One of my complaints about life in the suburbs relates to street signage and traffic signals.
It seems every time a new subdivision is built, authorities feel they must introduce traffic lights to every new street that connects to a major artery. Sometimes, traffic signals are literally 50 metres apart and the result is dramatically slower traffic flow and congestion. The constant stopping and starting is not too good for vehicle engines or the environment either.

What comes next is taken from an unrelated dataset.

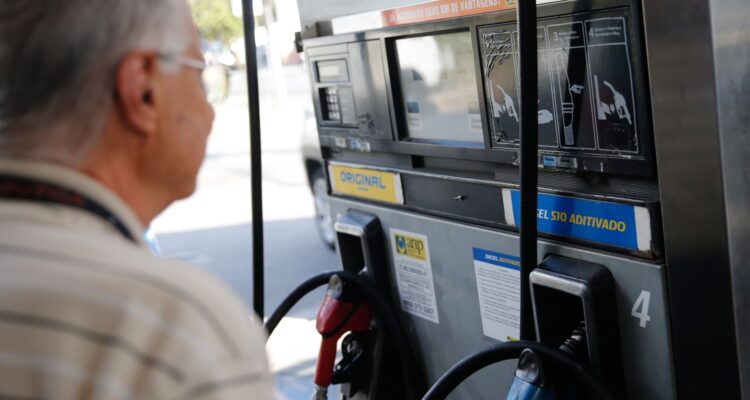 Governo prorroga por um mês subvenção de R$ 2,12 ao diesel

What further bothers me is that these lights seem to have very little variation in their timing mechanism, meaning that on a Sunday morning or in the overnight period some of these lights still operate in a sequence similar to that of the peak of rush hour; so one could be sitting there at a red light at 2 AM all alone, no other vehicle or pedestrian around, waiting for it to turn green.
For me, this is poor traffic management.
The same can be said for four-way stop signs at certain intersections where the signs seem to have only one function: slow traffic. Why can't we have a simple traffic circle or more yield signs?
In many areas of our cities traffic signals, speed limit signs and other roadway signage appear to have no correlation to the road conditions or to the driving environment. They can be downright confusing. What's even more bothersome is that police officers seem to relish enforcing rules that sometimes frankly don't make any sense and that catch many drivers unaware.
Recently, writer John Staddon wrote a piece in The Atlantic magazine that makes the argument that stop signs and speed limits actually endanger Americans. He says they are inducing a form of blindness in drivers caused by lack of attention to the roadway itself.
The article was entitled "Distracting Miss Daisy," and I agree with its premise.